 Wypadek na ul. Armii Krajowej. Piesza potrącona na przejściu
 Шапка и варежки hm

════════════════════

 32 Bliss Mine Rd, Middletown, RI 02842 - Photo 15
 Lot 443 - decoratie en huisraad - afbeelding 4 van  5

════════════════════

**TASK DESCRIPTION:**
Exactly the lines above from the one with "Wypadek na ul." to the one with "Шапка и варежки hm", both included, are to be quoted; leave the rest out.

**ANSWER TO THE EXERCISE:**
 Wypadek na ul. Armii Krajowej. Piesza potrącona na przejściu
 Шапка и варежки hm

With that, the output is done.